REQUIRED WORK.
Starting at the line holding "甲骨文(Oracle)董事长" and finishing at the line holding "Dvr Hilook 4Ch", transcribe the material exactly, keeping both ends but no pictures.

INPUT DATA.
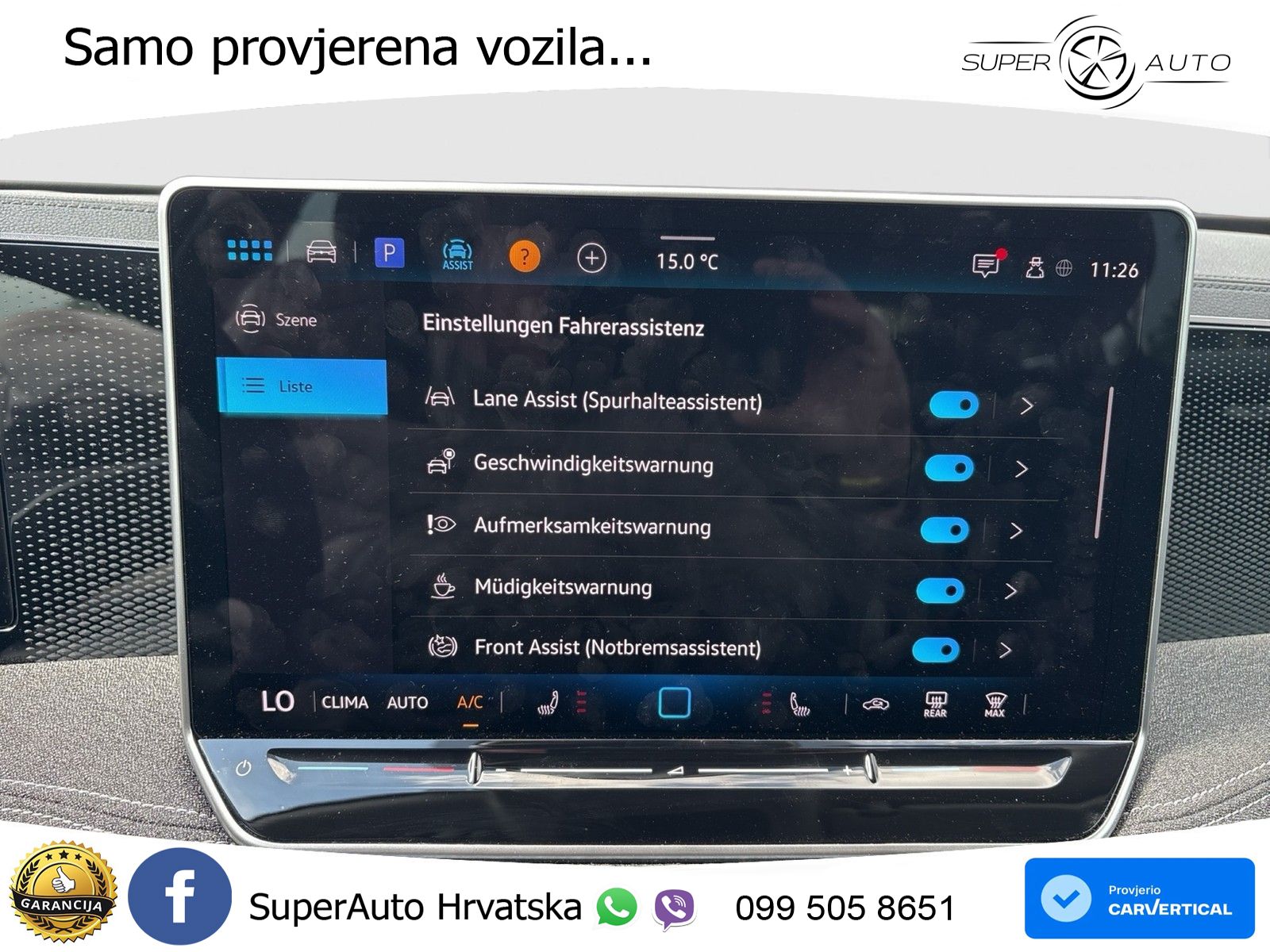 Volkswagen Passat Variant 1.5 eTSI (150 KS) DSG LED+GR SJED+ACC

...

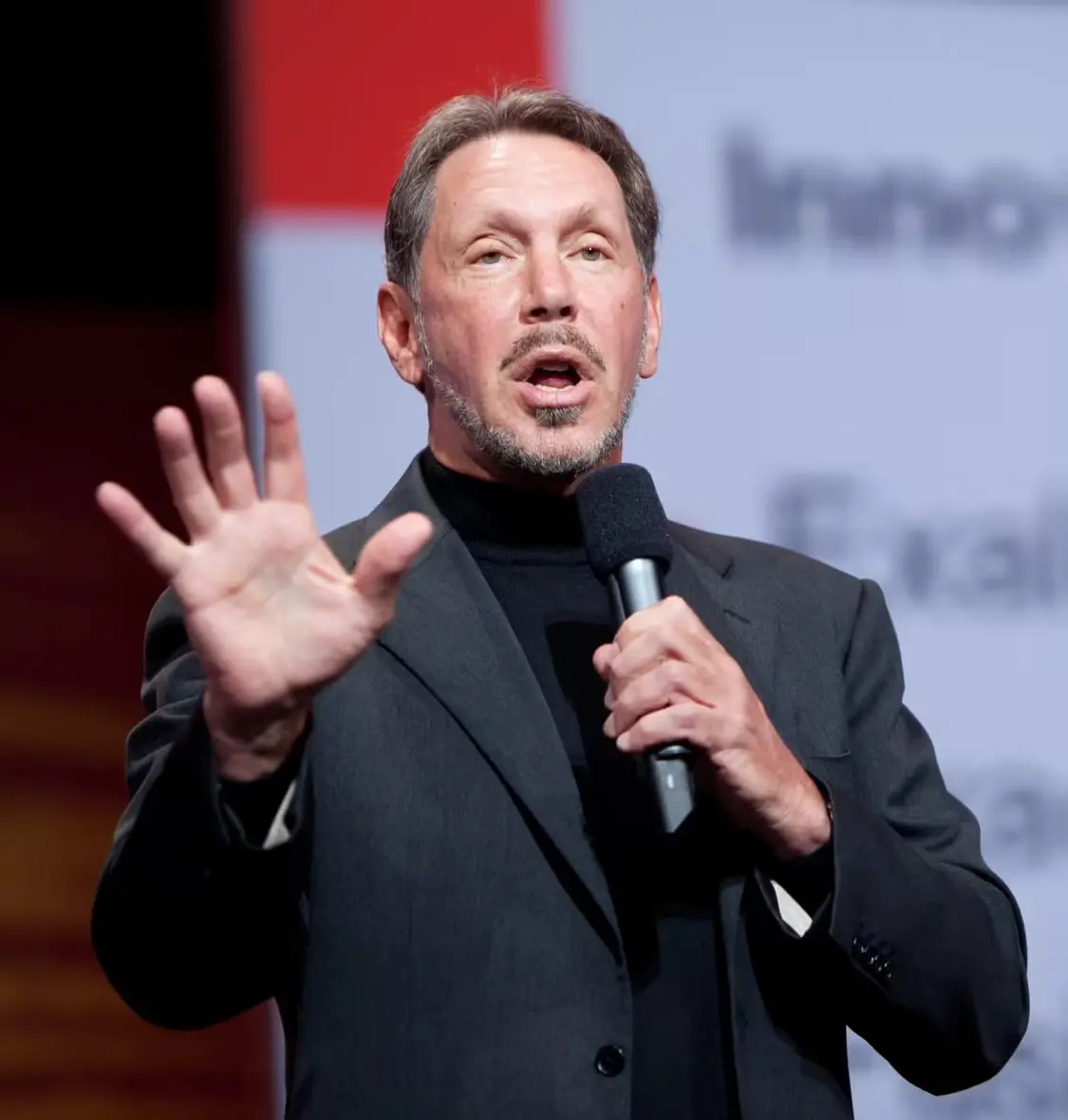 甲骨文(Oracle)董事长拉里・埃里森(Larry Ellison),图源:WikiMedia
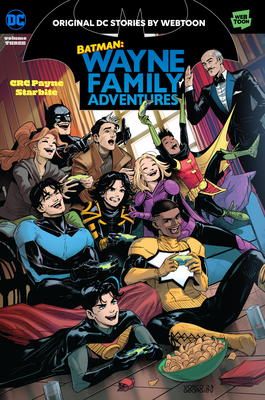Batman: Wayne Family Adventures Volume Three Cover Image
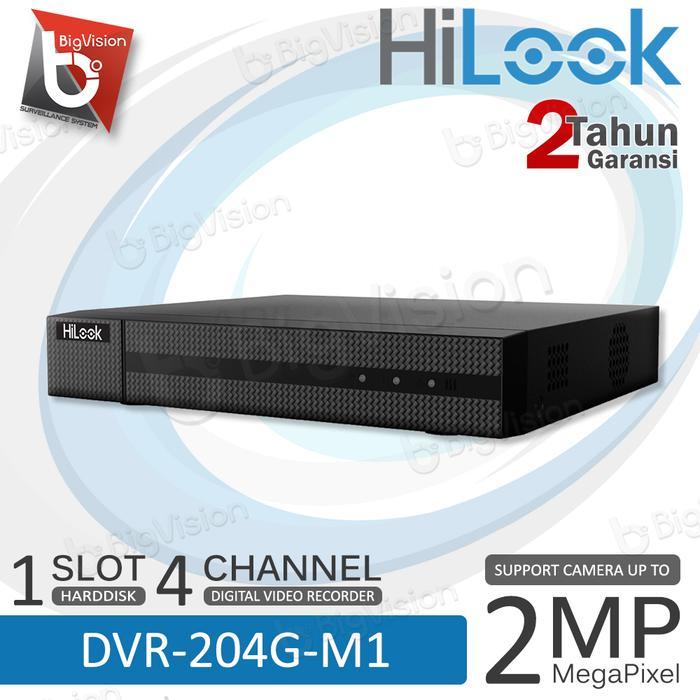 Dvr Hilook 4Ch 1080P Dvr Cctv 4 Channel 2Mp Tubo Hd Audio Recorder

EXERCISE RESPONSE.
 甲骨文(Oracle)董事长拉里・埃里森(Larry Ellison),图源:WikiMedia
Batman: Wayne Family Adventures Volume Three Cover Image
 Dvr Hilook 4Ch 1080P Dvr Cctv 4 Channel 2Mp Tubo Hd Audio Recorder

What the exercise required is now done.